Повторяю, если я остановился несколько над возражениями покойного С. М. Соловьева, то сделал это только ради его авторитетного имени. Вопросом о происхождении Русского государства он никогда специально не занимался, а аргументы его по большей части являются простым повторением аргументов покойного М. П. Погодина.

Если и такие почтенные русские ученые так легко относились к данному вопросу, не желали вникнуть в мои доказательства, обходили важнейшую их фактическую часть, а выхватывали кое-какие бессвязные фразы и неточно передавали мои доводы и заключения, то чего же можно ожидать от других, менее почтенных возражателей, особенно от людей, не расположенных к беспристрастному отношению уже в силу своего нерусского происхождения. Одним из представителей этой категории является копенгагенский профессор сравнительного языковедения Вильгельм Томсен. Сей профессор в мае 1876 года прочел в Оксфорде три лекции "Об отношениях Древней Руси к Скандинавии и о происхождении Русского государства", чтобы в качестве компетентного лица просветить английскую публику насчет этих вопросов. Мы имеем эти лекции перед собою в "просмотренном" немецком издании Борнемана.

Тенденциозность копенгагенского профессора бросается в глаза с первой же страницы, где он заявляет, что "политическое и численное преобладание славянского элемента над другими народами Восточной Европы есть результат сравнительно недавних времен; тогда как основание Русского государства совсем не дело этого племени".

Немецкий издатель этих лекций в предисловии торжественно заявляет о каких-то "самостоятельных исследованиях" автора по данному вопросу. Читаете и удивляетесь такому смелому заявлению. Не только никаких самостоятельных исследований тут не находим, но автору даже совсем не известны последняя постановка вопроса и аргументы, опровергающие норманнскую теорию; хотя он, очевидно, что-то слышал о том и, по поводу исследований Гедеонова, не упускает случая пройтись на счет "произвольных фантазий" (17). Это не только не самостоятельные исследования, а, напротив, самое поверхностное повторение мнений и доводов известных норманистов, преимущественно А. А. Куника. Там, где автор пытается представить какие-либо соображения от себя, он обнаруживает только свое невежество. Например, он вздумал поправлять известия Ибн-Дасты; говорит, что Русь жила тогда не на каком-то нездоровом острове, а в Киеве (28). Как будто она только и существовала тогда в одном Киеве! Известия Ибн-Фадлана, более всего не подходящие под норманнскую теорию, Томсен называет "очевидно по некоторым пунктам преувеличенными и не критичными" (29). Разумеется, в числе главных доказательств Скандинавского происхождения Руси является пресловутое gentis Sueonum Бертинских летописей. Но любопытно, как автор отделывается от несовместимого со шведским происхождением Chacanus vocabulo. "Самое вероятное", по его мнению, это то, что греки в данном случае шведских руссов смешали с аварами и хазарами и русскому королю придали хазарский титул, так как послы его могли прибыть в Константинополь через Хазарию (45). Комбинация, можно сказать, замечательная по своей невероятности.

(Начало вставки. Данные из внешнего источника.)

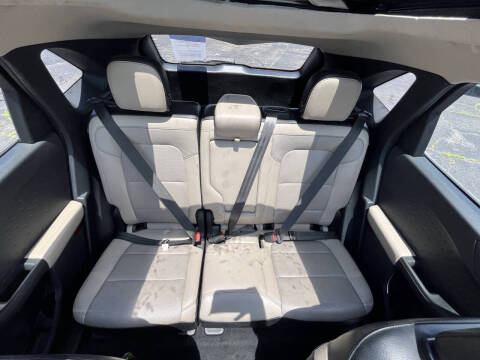 2020 Ford Escape Hybrid Titanium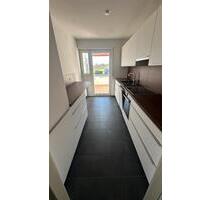 Renovierte 2-Zimmer Wohnung mit EBK, Balkon & Parkplatz - Allensbach
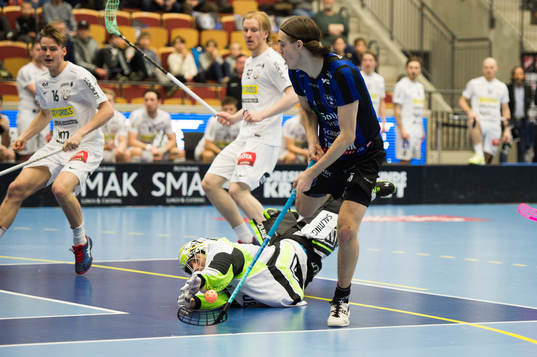 Storvretas målvakt Viktor Klintsten räddar målförsök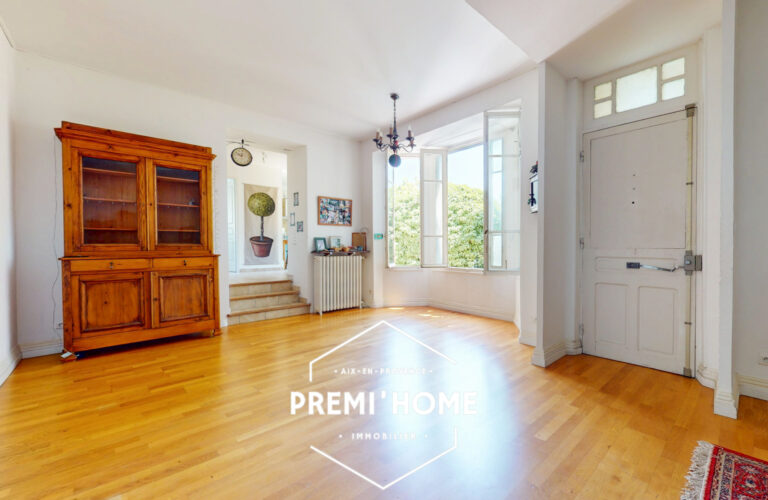A VENDRE MAISON 190M2 SALON DE PROVENCE - Premi'home Agence immobilière Aix En Provence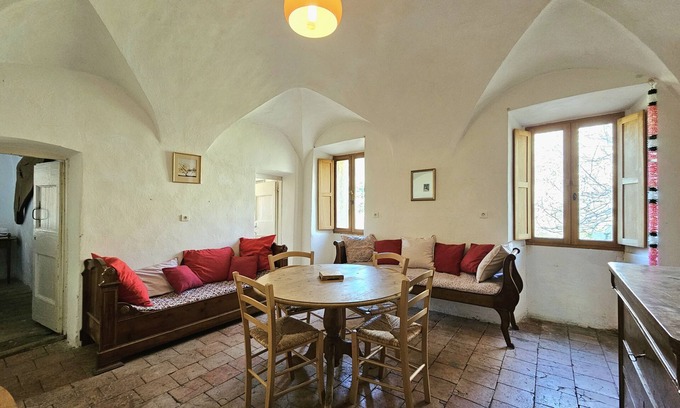 Pioggiola Casa | HOUSE with TERRACE & GARDENS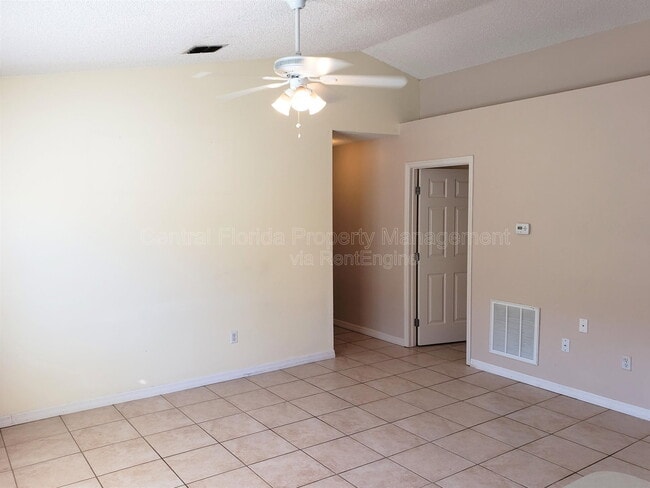 Building Photo - 2226 Justin Ave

В своей отсталости Томсен повторяет даже такие доказательства г. Куника, от которых сей последний уже отказался; например, Севельских руссов Аль Катиба (54). Скандинавский ученый также не нашел никакой Руси в Скандинавии. Как же он устраняет это затруднение? Видите ли, древние Руссы не называли себя Русью на своем родном языке; а так их называли на Востоке; аналогией тому будто бы служит название немцев Германами (96). Большего невежества по отношению к Древней Руси и к приведенной аналогии, мне кажется, трудно и представить себе! Русский народ сам и не называл себя иначе как Русью или Росью, о чем, кроме Льва Диакона, ясно свидетельствуют договоры Олега и Игоря; а немцы, наоборот, сами себя не называли Германами и до сих не называют. Аналогию с Русью представляют только названия вроде Франции. Как русское племя, покорив родственные славянские и чуждые финские племена, постепенно в течение веков распространило имя Руси или Роси на большую часть Восточной Европы, так и франкское племя, покорив родственные немецкие племена (бургундов, готов) и неродственное кельтическое население Галлии, постепенно в течение нескольких столетий распространило имя Франции на всю Галлию. Изложенные на следующих страницах догадки автора, старающиеся объяснить отсутствие Руси в самой Скандинавии, сводятся к тому, что имя Русь произошло от финского Ротси, которым финны называли шведов, и что это имя славяне дали пришедшим скандинавам, заимствуя его от финнов, и т. п. Все подобные догадки обнаруживают только крайнюю наивность их автора в сфере историко-этнографических вопросов. А главное, догадки эти совершенно не нужны, потому что Русь распространяла свое господство не с севера, а с юга. Известно, что имя ее как народа встречается уже у классических писателей I века; это - Роксалане или Россалане, которых норманнская школа всеми способами, но тщетно, пытается изгнать из истории.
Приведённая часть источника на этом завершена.